I am trying to make a bootable cd for an updated version of the kernel (2.6.10-1.12) on a machine running Fedora Core 2. This machine dual boots with Win XP and I have never been able to get dual boot to work on it. So I use a bootable CD for Linux and allow the ntloader to just do its thing for Win XP.
But, when I try to use mkbootdisk to create the iso image for the new bootable cd I always get an error. Command and typical output looks like this:
Code:
mkbootdisk --iso --verbose --device bootcd.iso 2.6.10-1.9_FC2
Installing isolinux... done
Copying /boot/vmlinuz-2.6.10-1.9_FC2... done.
Copying /boot/initrd-2.6.10-1.9_FC2.img... done.
Configuring bootloader... done.
Unknown file type (unallocated) /tmp/mkbootdisk.XG2317/.. - ignoring and continuing.
I have executed this command several times in the past with exactly these options.
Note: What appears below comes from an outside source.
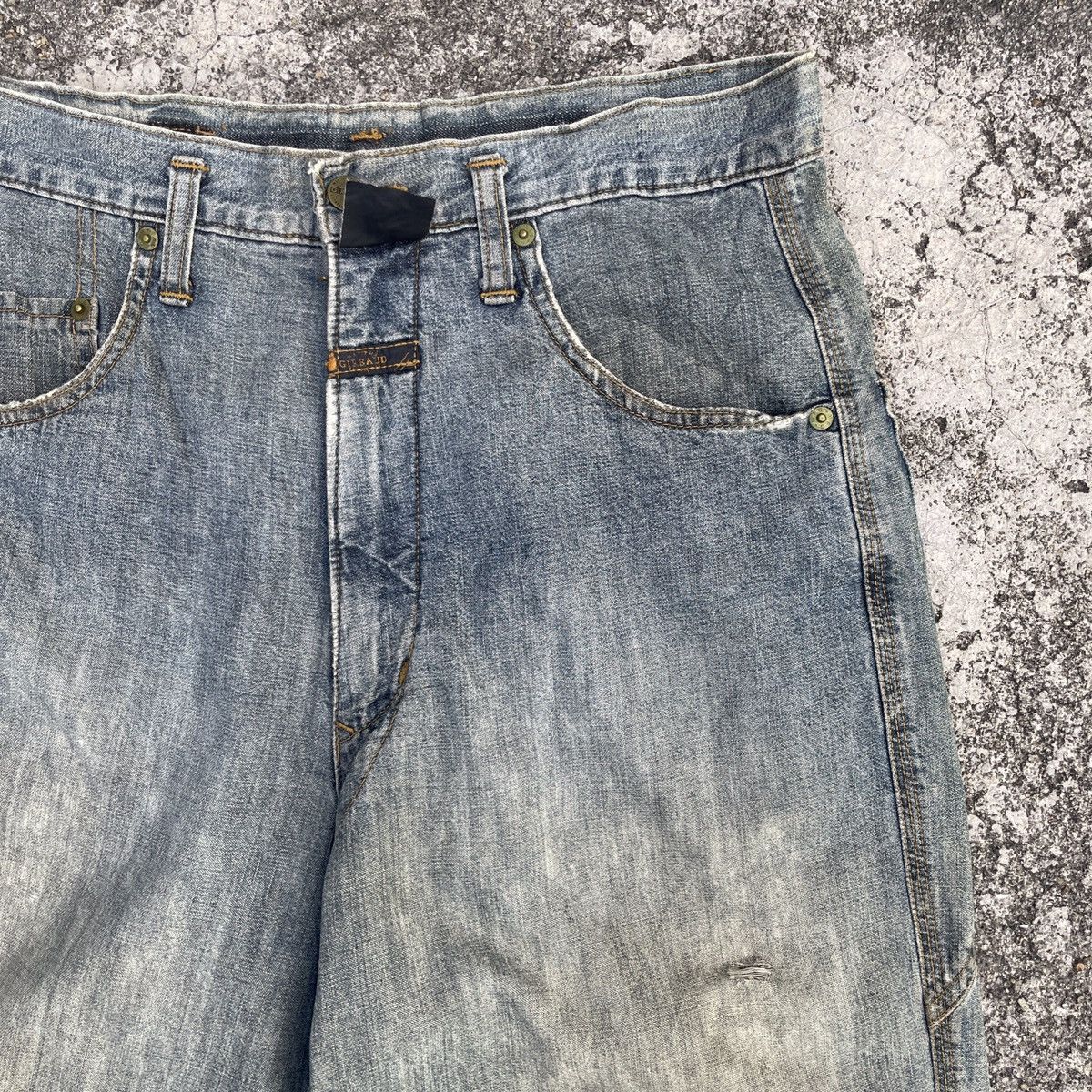 Marithe + Francois Girbaud Vintage Marithe Francois Girboud Distressed Denim Size US 30 / EU 46 - 2 Thumbnail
I know that I am using the same options because I wrote a script to make the iso image, use cdrecord to blank a rewritable cd and then use cdrecord to burn the iso image to the cd.
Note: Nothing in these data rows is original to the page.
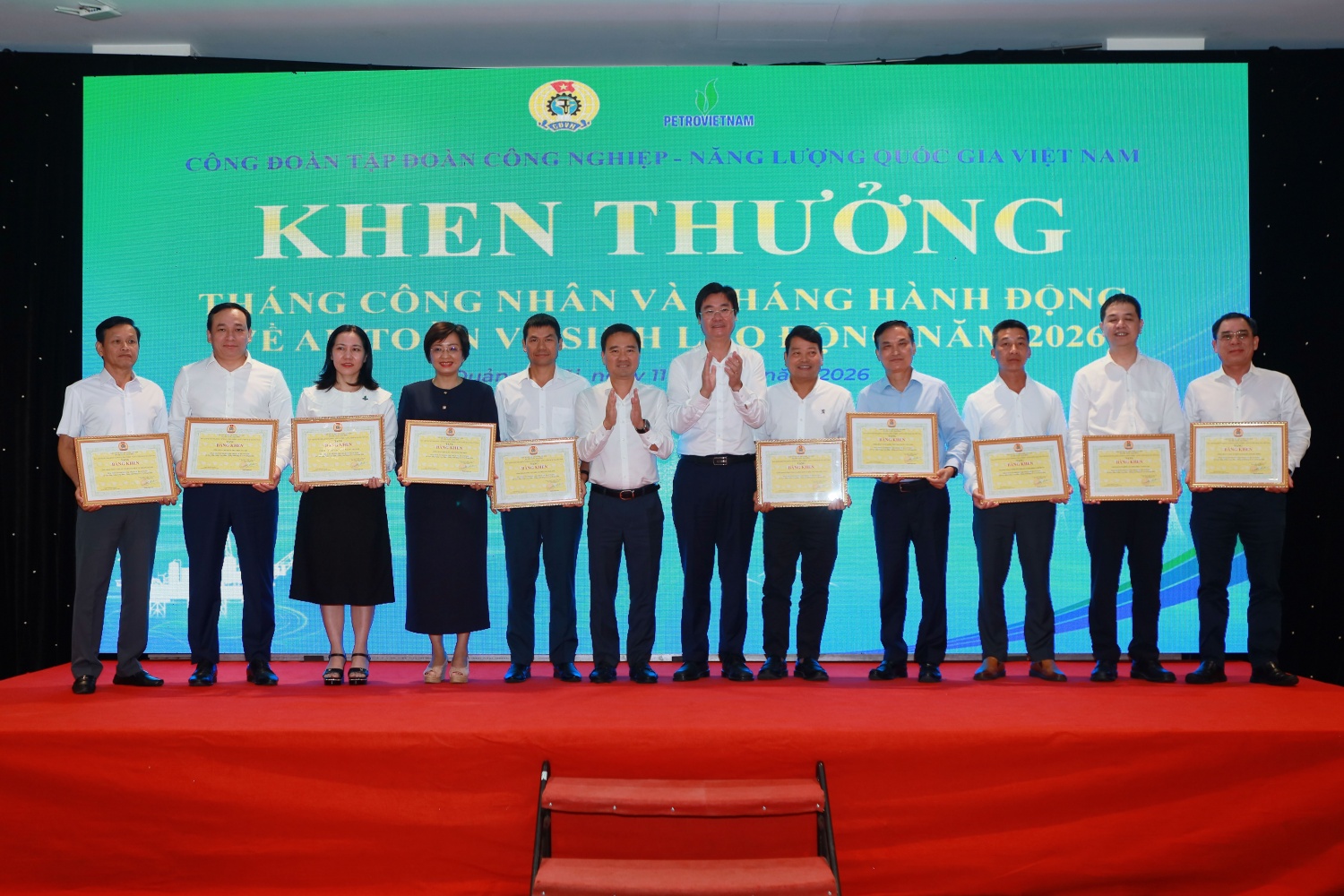 Đồng hành cùng người lao động, tạo động lực phát triển cùng Petrovietnam Công đoàn Petrovietnam đồng hành cùng người lao động, tạo động lực phát triển cùng Tập đoàn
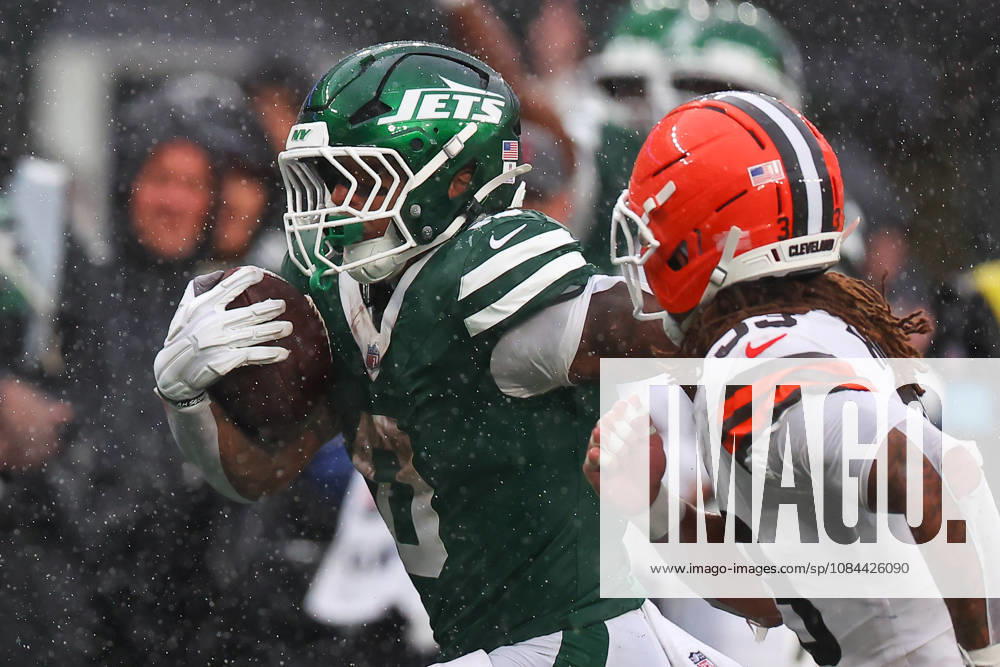 EAST RUTHERFORD, NJ - OCTOBER 11: Braelon Allen 0 of the New York Jets runs during the third quarter of the game against the Cleveland Browns at MetLife Stadium on October 11, 2026 in East Rutherford, New Jersey. (Photo by Rich Graessle Icon Sportswire) NFL, American Football Herren, USA OCT 11 Browns at Jets Icon26101133060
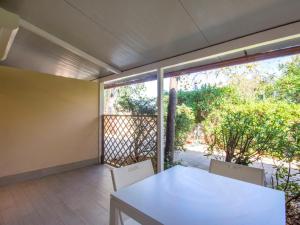 Balkón alebo terasa v ubytovaní Holiday Home Gineprino-7 by Interhome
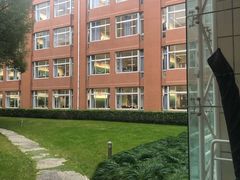 -华东师范大学第二附属中学(张江校区)
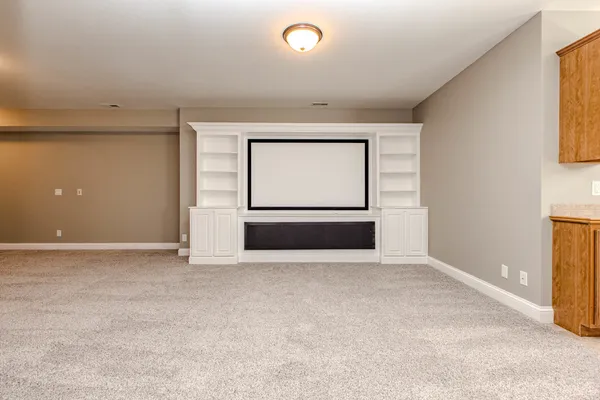 $595,000 | 59 Stonebrook Court, Bloomington, IL 61704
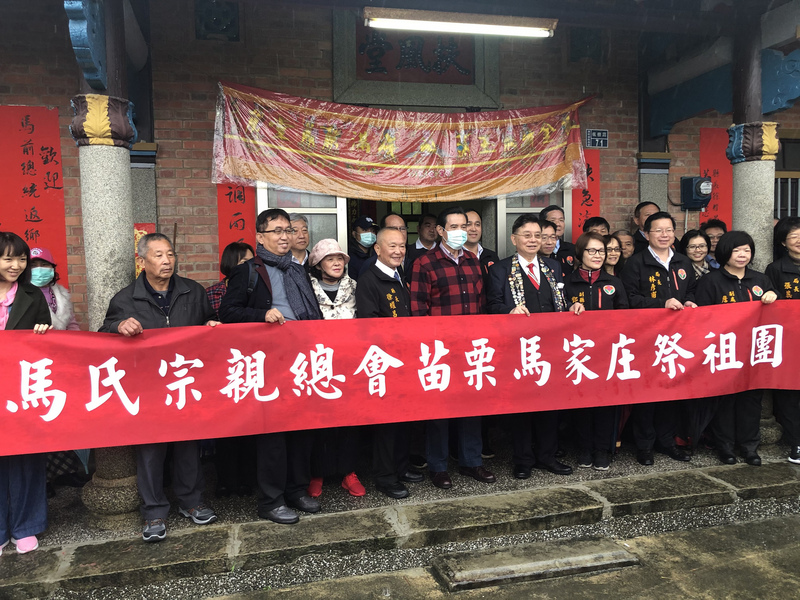 前總統馬英九（前中）26日年初二身穿紅格子襯衫前往苗栗縣通霄鎮馬家庄祭祖，全程戴口罩防疫。 圖:中央社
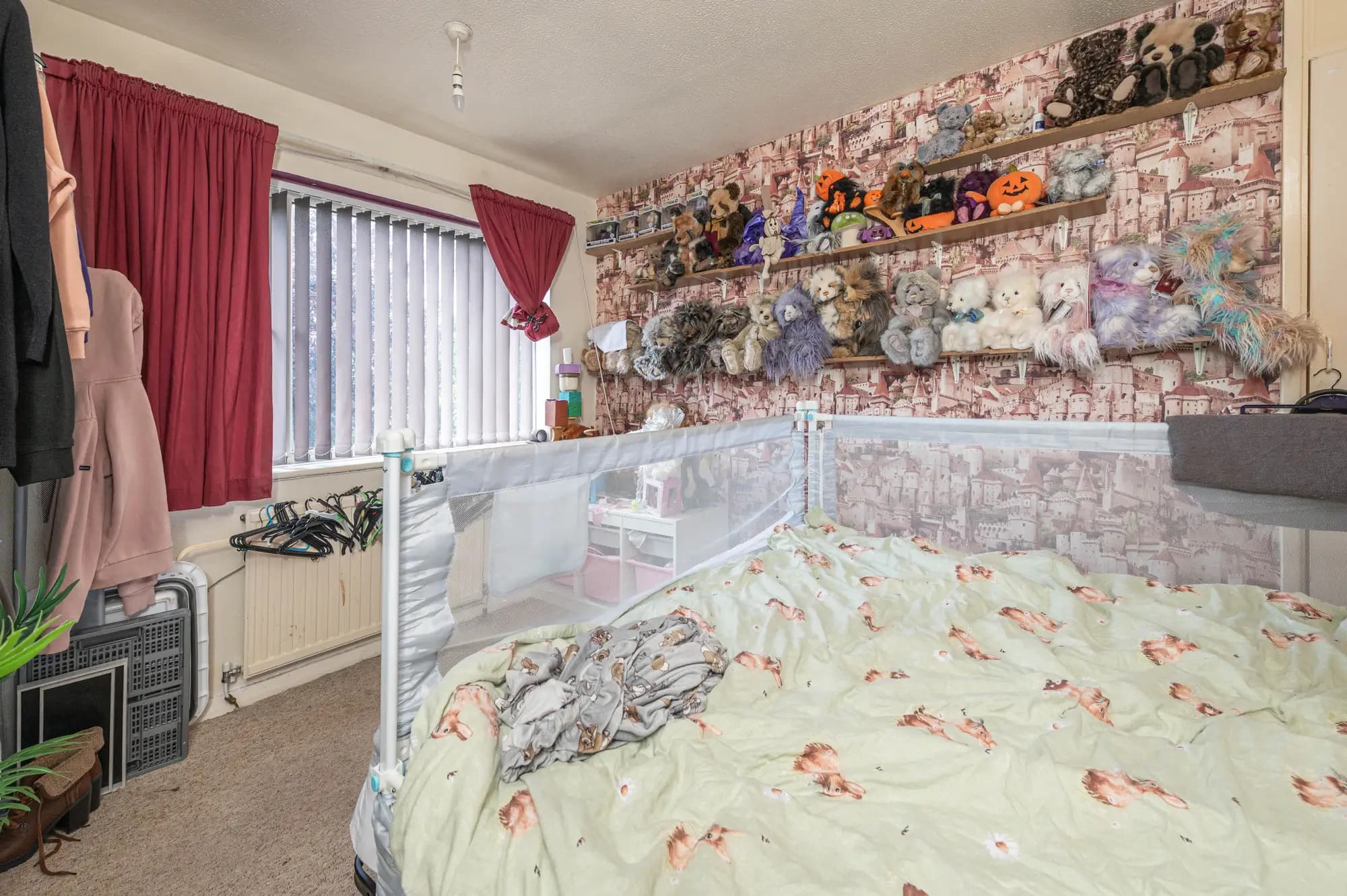 property photo 8 of 13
For some reason I do not understand, I now always get the error shown above when making the bootable iso image.
Indeed no file is being written into the /tmp directory. The first time that I ran the command I did an ls /tmp and saw files with similar names but different hash characters after the dot. I probably should have done an ls -l after that and looked at the creation dates, but being root, I deleted all the files in /tmp that I could (that included all of the mkbootdisk.* files), and reran the command. No new Mkbootdisk.* files showed up in the /tmp directory.
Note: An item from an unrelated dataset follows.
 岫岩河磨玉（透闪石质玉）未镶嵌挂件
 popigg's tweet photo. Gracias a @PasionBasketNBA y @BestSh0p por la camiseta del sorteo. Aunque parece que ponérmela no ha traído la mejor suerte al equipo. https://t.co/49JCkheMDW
The problem is not permissions on the /tmp directory,
Code:
ls: ls: No such file or directory
/:
total 300
/* Several lines deleted for brevity */
drwxrwxrwt 13 root root 63488 Feb 3 21:05 tmp
/* Several lines deleted for brevity */
So, the /tmp directory is owned by root:root, and all users have read, write, and execute permissions. Although non-root users may only remove their own files from the directory. In any case, root is attempting to use the mkbootdisk command above.
Nor is the problem a full /tmp partition, as evidenced by the df command,
Code:
df /tmp
Filesystem 1K-blocks Used Available Use% Mounted on
/dev/hdb8 497829 8340 463787 2% /tmp
I would be eternally grateful if anyone could shed some light on this problem.